Exercise description:
Tell how many lines in the following entries include the word "with", giving the figure alone.

Brief descriptive captions:
::::::::

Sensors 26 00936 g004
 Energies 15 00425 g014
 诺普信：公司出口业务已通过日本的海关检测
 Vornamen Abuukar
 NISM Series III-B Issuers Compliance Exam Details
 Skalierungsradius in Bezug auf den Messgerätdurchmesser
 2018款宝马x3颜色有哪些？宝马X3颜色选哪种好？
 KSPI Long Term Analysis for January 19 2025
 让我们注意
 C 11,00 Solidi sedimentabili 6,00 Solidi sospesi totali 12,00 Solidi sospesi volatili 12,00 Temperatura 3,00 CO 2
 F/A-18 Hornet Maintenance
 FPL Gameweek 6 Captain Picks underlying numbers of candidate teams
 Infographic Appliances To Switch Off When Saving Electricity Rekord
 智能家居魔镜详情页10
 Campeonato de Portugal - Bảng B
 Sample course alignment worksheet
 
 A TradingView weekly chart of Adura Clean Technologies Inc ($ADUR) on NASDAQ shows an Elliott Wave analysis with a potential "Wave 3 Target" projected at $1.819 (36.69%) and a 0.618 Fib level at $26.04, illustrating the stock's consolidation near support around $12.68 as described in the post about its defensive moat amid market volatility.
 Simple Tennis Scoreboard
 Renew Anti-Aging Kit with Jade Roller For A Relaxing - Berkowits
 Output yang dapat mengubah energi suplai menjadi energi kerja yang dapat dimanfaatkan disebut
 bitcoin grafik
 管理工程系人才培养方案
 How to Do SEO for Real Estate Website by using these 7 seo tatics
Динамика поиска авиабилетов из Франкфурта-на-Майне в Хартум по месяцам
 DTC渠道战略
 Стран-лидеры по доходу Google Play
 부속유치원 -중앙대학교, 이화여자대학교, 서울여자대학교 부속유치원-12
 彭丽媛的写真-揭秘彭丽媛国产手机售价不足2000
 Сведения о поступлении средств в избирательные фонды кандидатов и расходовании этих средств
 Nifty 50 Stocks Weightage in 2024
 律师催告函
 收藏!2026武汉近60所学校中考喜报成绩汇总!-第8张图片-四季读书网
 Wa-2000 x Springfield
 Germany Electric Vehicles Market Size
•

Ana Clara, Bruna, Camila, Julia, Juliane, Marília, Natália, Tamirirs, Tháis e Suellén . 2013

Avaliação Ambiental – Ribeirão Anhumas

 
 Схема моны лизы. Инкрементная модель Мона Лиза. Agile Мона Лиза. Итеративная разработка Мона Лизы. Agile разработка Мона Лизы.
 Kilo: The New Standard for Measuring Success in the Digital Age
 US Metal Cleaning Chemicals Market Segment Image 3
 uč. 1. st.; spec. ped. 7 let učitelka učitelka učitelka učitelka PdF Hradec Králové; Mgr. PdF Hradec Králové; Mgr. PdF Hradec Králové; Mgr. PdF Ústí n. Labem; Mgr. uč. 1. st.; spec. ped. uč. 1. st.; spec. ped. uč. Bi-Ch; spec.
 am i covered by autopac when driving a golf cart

::::::::

Exercise solution:
2